Les règles du rugby le placent d’ailleurs très au-dessus. Les membres supérieurs y ont acquis l’autonomie. Les mains saisissent le ballon, elles vont jusqu’à toucher les pieds, et c’est le plaquage. Le langage s’y développe mieux, on communique sur le terrain, en conciliabules virils qui ne laissent voir que les culs. Et puis, il y a cette loi, la plus élégante dans les jeux d’équipe, qui veut qu’une passe toujours se fasse vers l’arrière, échange d’un avantage contre un handicap. La tactique, entre ces trente mains et trente pieds, paraît très riche. Tour à tour on joue en hauteur, par lancements, libérations, et on passe en baissant la tête. Pour se défendre, bien sûr on plaque, on intercepte ; surtout, on se redistribue. On joue au pied, on ouvre et on pénètre, on prend des intervalles, ou bien on passe au près, au loin, pour gagner la ligne d’avantage. On s’affronte dos à dos comme des duellistes. On fonce comme un sanglier, on enfonce l’essai comme un pieu, on le transforme comme une catapulte. Le plaisir enfantin de plonger dans la boue (mon meilleur souvenir du jeu) reste intact. La pure puissance est reine, il faut avoir la présence d’un pilier. Dans les mêlées, le corps-à-corps, on frise la rixe, alors que dans le foot – celui qui fait l’actualité – on risque le fric.

Voilà une autre différence entre les deux sports-d’équipes-à-ballon-les-plus-populaires. Elle concerne le spectacle. Le foot est depuis belle lurette formaté pour la télé, installé dans une case du show-biz non loin de celle des top-models et de la chanson ; ses vedettes sont des sex-symbols et des autorités morales ; une sélection a donc un côté Star Academy pour incarner la société.
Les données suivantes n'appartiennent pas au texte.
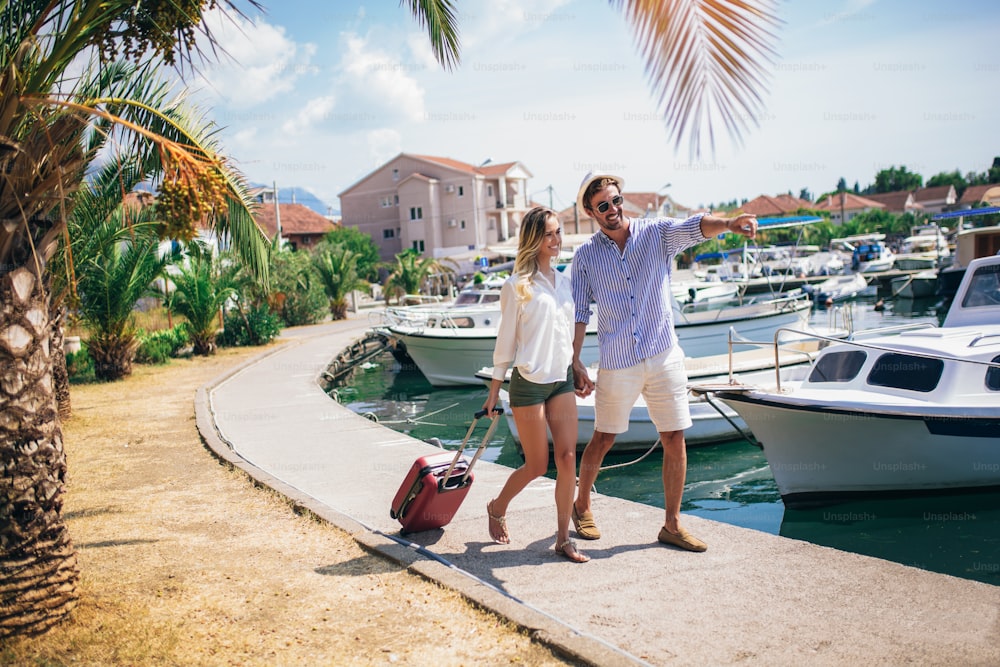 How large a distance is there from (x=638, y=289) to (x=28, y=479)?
360 cm

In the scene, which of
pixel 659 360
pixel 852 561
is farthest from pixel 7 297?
pixel 852 561

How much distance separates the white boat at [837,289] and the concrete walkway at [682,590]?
3610 centimetres

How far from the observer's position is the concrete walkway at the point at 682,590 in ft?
12.1

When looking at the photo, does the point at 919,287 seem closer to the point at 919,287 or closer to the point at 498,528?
the point at 919,287

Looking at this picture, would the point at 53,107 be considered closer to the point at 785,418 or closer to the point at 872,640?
the point at 872,640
Tel n’était pas le cas du rugby. Pour qui n’avait jamais regardé un match, c’était à la fois plus spectaculaire et moins bien cadré. Malgré leurs titres bondissants – « kangourous », « antilopes », « wallabies » – les champions avaient l’air de chevaux de labour. Or la différence est en train de s’estomper. Selon notre spécialiste — transféré provisoirement dans la rubrique Cinéma —, le XV de France, aujourd’hui [20 novembre] capable de battre tout l’hémisphère sud, comprend des jeunes qui ressemblent fort à des footballeurs. Une zone de plus serait ainsi conquise par les petits mutants au muscle sec, les boys bands et girls bands, les lofteurs en séries. Et, parmi les grandes merveilles de la nature, après les baleines, les éléphants, les orangs, les sumotori, les rhinocéros, une espèce de plus serait sur le point de s’éteindre.